Generations dogged by big- picture grief
Burning In By Mireille Juchau Giramondo, 310pp, $ 27.95
PHOTOGRAPHY enthusiasts may soon find Mireille Juchau’s Burning In topping the blogs offering darkroom tricks to novices. Quite properly, since the author has reinvented the camera’s eye approach to storytelling, pushing it with paparazzo energy to a provocative extreme.
Juchau’s protagonist, Martine, born in Sydney to Lotte, a survivor of the Nazi regime, is a career photographer who arrives in New York keen to make a reputation.
Turning 30 at the start of Juchau’s novel- cumexhibition, Martine ‘‘ burns in’’ — a multilayered term — on the world, manipulating what she sees by viewing her prints through apertures that give extra exposure to the parts she selects, a procedure not too different from that adopted by the grief- stricken on whom her myriad eyes alight briefly. Still or moving, in a plane, a train, or taxi, Martine is always in camera mode, her trusty Pentax across her chest, viewing life at a distance.
This difficulty in connecting she has learned from Lotte, an assimilated Jewish Berliner, whose absorption in guilt and grief over the way she chose to escape the camps makes life hell for her daughter and husband. Mother and daughter resent each other. Father, the only character with a degree of equilibrium, is loving to both. Eventually, however, sheer amor proprio leads him to leave Lotte to her monumental misery. He quits Sydney’s desolate outer suburbs where Lotte had isolated the little family and moves to Bondi, thankfully restored to the warmth and security of his Yiddish- speaking community.

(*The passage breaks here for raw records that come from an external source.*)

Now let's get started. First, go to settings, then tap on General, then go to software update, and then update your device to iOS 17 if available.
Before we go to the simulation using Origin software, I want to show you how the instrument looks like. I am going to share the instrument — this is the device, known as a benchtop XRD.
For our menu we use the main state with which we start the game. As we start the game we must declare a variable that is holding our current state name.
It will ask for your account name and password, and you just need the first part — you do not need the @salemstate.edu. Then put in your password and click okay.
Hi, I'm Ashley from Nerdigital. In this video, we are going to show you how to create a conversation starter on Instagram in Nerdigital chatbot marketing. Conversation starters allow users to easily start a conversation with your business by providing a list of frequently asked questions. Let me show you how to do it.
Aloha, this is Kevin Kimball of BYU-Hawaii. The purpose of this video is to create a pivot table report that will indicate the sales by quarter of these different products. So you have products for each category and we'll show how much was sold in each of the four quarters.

Juchau enmeshes within two mysteries grief and loss that cross generations and continents. The mysteries come to the fore in old photographs, and photographic technology helps resolve them.
Aside from the demise of her family, Lotte grieves over a secret she sometimes hints at disclosing, but Martine, accustomed to her mother’s past refusals to explain herself, ignores the overtures. Etched in her memory are instances of appallingly insensitive and selfish behaviour that her mother justifies by what she has endured.

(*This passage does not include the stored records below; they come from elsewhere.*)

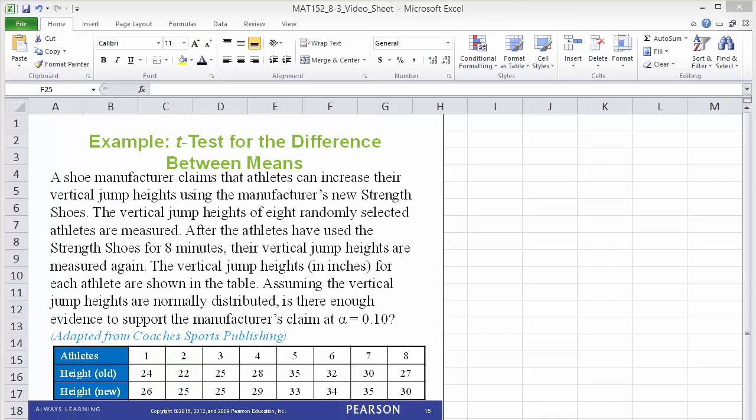The vertical jump heights in inches for each athlete are shown in the table. Assume the vertical jump heights are normally distributed. Is there enough evidence to support the manufacturer's claim with the type 1 error rate of 0.10?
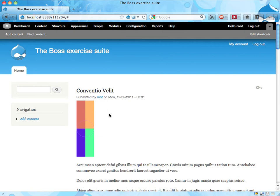Hi, it's Boss here. I noticed something on this Drupal website of ours. I don't know this Drupal thing — it's causing me problems.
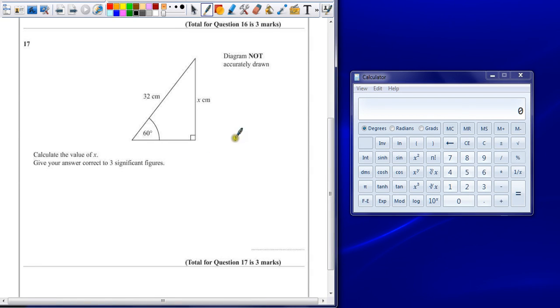Question 17. Calculate the value of X, give your answer correct to three significant figures.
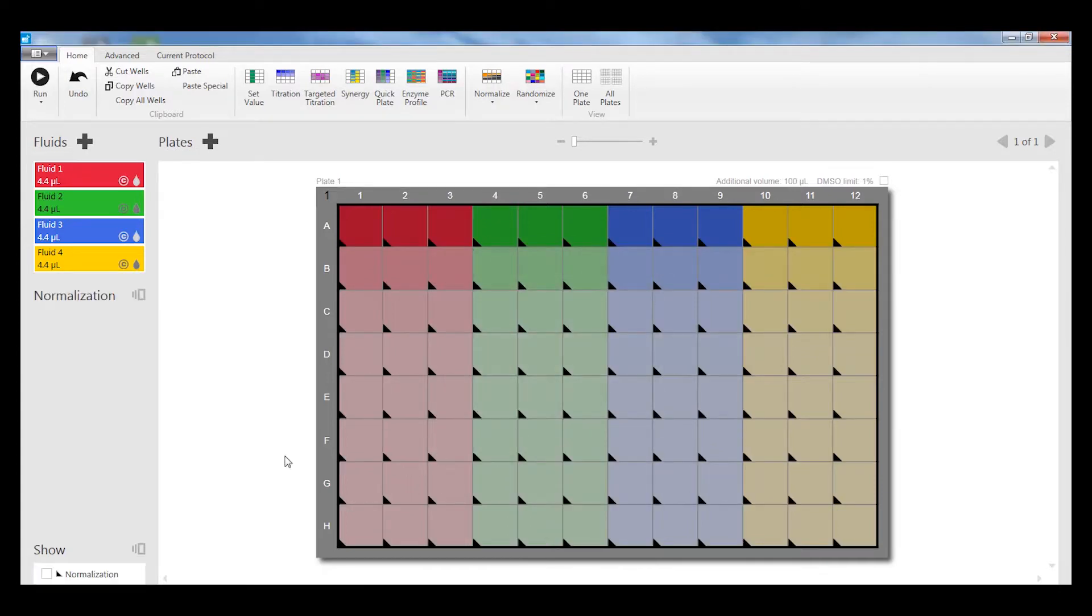This will add DMSO to the wells that need it to normalize the DMSO concentration that's shown by the black triangles.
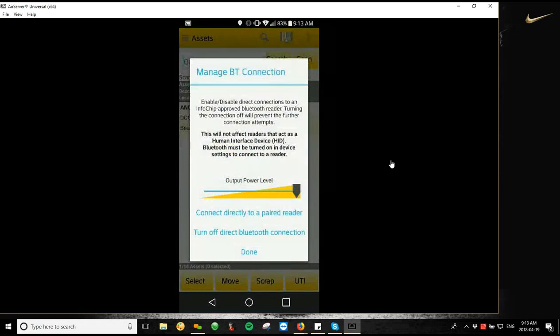So from here, I can change the output power level of the device I'm connecting to. As well as this is the screen you're going to go to to connect your device. So once you launch the Manage Bluetooth screen, you're going to tap on the Connect Directly to Paired Reader option.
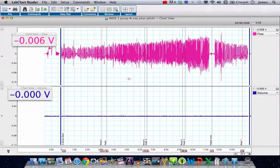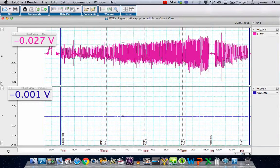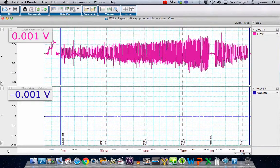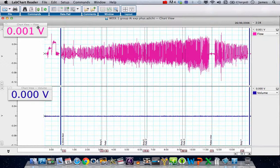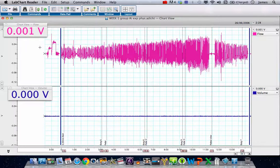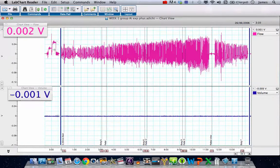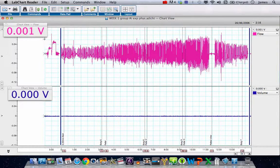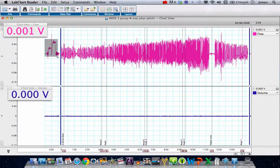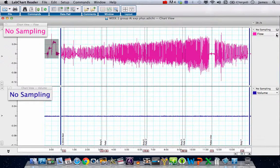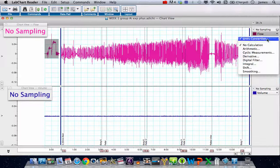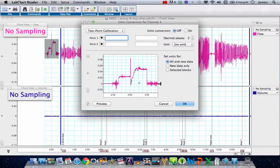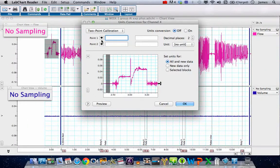The first thing we need to do is make sure that the pink data, the flow data, are calibrated properly. Because we did this experiment properly, we've got some calibration data here of one and two liters per second. I'm going to highlight those flow data, click on the drop-down list over here, and choose unit conversion.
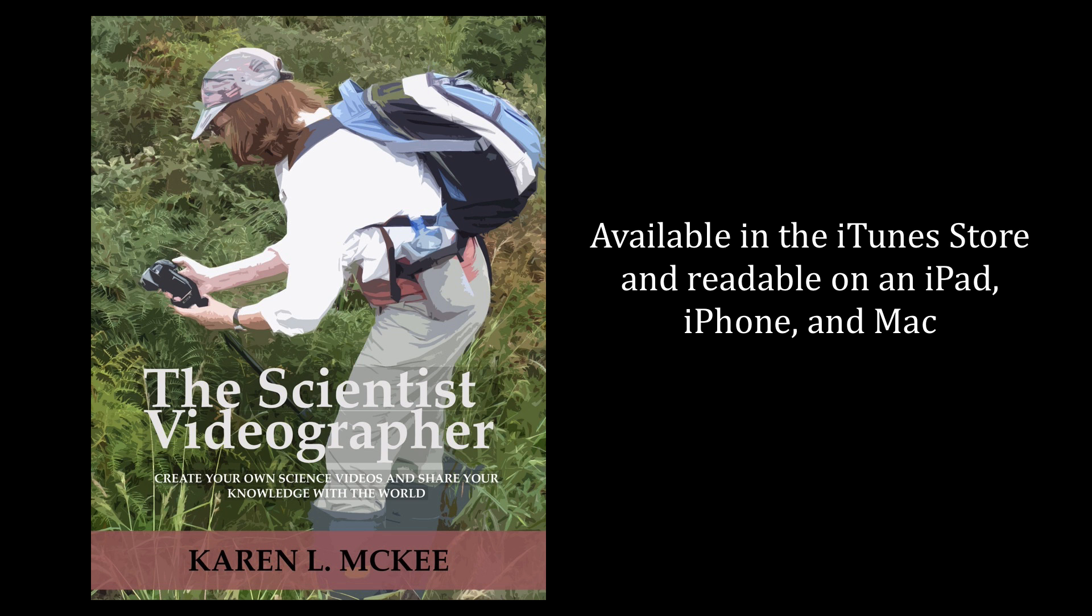For more tips and tutorials, check out my e-book, The Scientist Videographer. And thanks for watching!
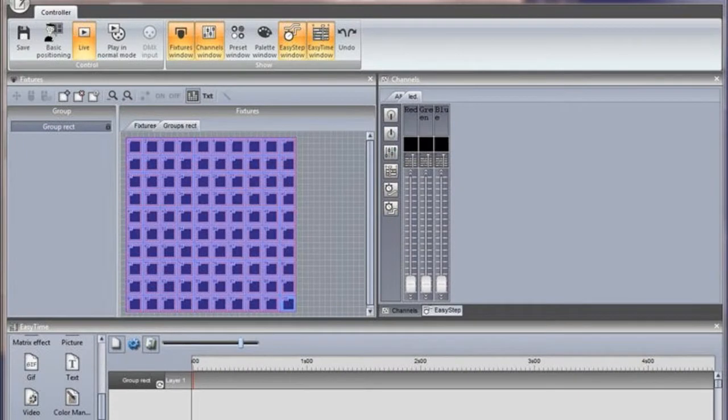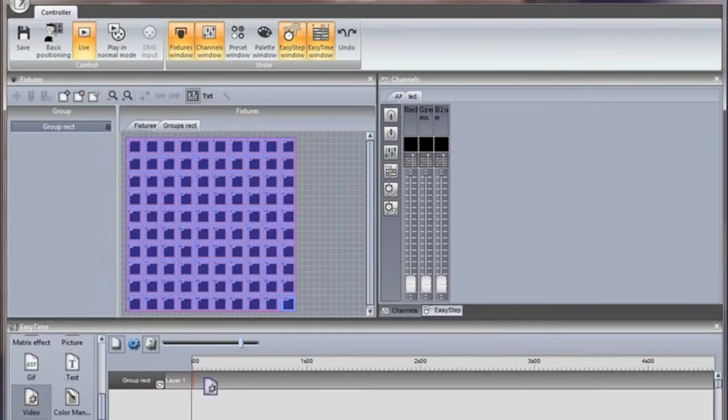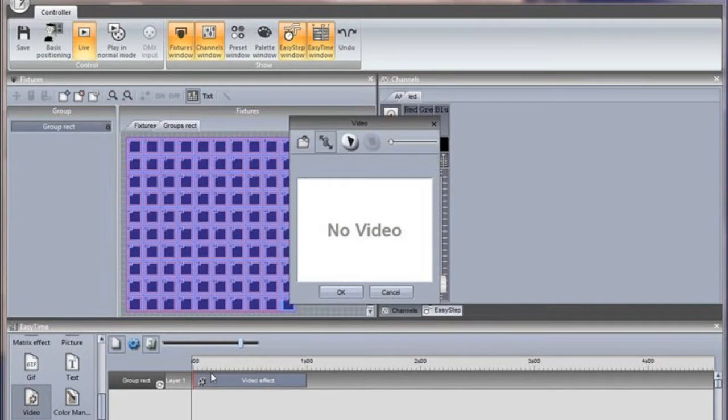Videos can be inserted onto a matrix. The more fixtures you have, the higher the resolution, and the better the image will be interpreted. It is often best to use simple videos without too much detail. Click here to insert an AVI video.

With some kind of synchronicity, Martine, the newest New Yorker, eyes a scruffy fellow outside a theatre during an interval between acts; he is not a theatre- goer, just a passer- by walking his dog. After a few cryptic exchanges they lock themselves away for a week of sex and, he being a cinematographer, at one point they achieve a witty and bawdy exchange based entirely on photographic language, a rare light moment for everyone. But misery soon shows up in the darkroom. The cinematographer too has been impaling himself for years on a terrible secret.

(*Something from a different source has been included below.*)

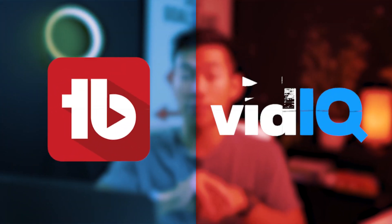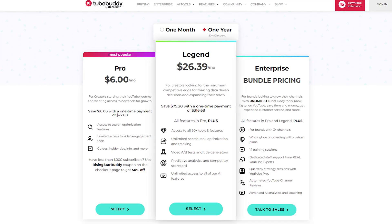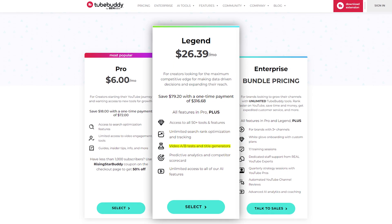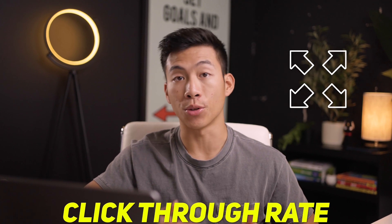Let's get right into it with number one being TubeBuddy and VidIQ. You can't go wrong with either of these — we actually have both of them installed on our browsers and they're both really good at what they specialize in. On TubeBuddy, they have a legendary plan and this is where you can A/B test all of your titles and thumbnails. This is something that we use almost every time we upload a YouTube video and it really allows us to maximize the outreach and the click-through rate.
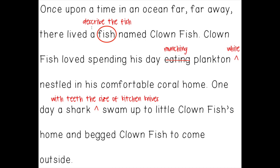I also added the word nestled to make it a bit more sense. Then: one day a shark swam up to little Clownfish's home and begged Clownfish to come outside. In my revision you can see I've added more description — instead of just 'a shark swam up,' I've added 'a shark with teeth the size of kitchen knives swam up,' so I've given some more information there.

A child is born to the couple. It’s not long before Martine, too, suffers heartache and loss. The cinematographer has given the dog to an old friend and the resulting squall sees him move out. The child dies indirectly from a fungal infection in her lung, caught through participating in a child’s party game, probably the most bizarre in recorded history. Martine, demented by grief, looks set to follow Lotte as a resolute, truculent wailer and railer, blaming herself though her maternal devotion has been exemplary.
In the end, new perspectives come from Berlin, where Martine’s detective work at last produces the living subject of a crucial photo with a promise ( can we believe it?) of solace for Martine, the ageing Lotte, Dad, the Berliner Lotte had left behind and maybe even the cinematographer.
This novel is Juchau’s second. With her first, Machines for Feeling, it suggests she has an ongoing interest in alienation and disconnection.
The photographic mindset and methodology incorporated into her novel is bound to make Burning In a talking point at writers festivals, especially since her prose is charged with an effortless flow of powerful, poetic imagery and her crafting of complex shifts in time, place and consciousness meticulous. The camera can show, but not delve. For all its concentration on grief and loss, Burning In offers a level of insight into neurosis no greater than may be found in a magazine health section, while the raw egoism of the grief- obsessed characters makes them unsympathetic, their fate a matter of indifference. Christopher Isherwood and Cabaret , rather than photographers Diane Arbus and Dorothea Lange, may have been livelier models for this kind of opus. Mary Rose Liverani is the author of The Winter Sparrows.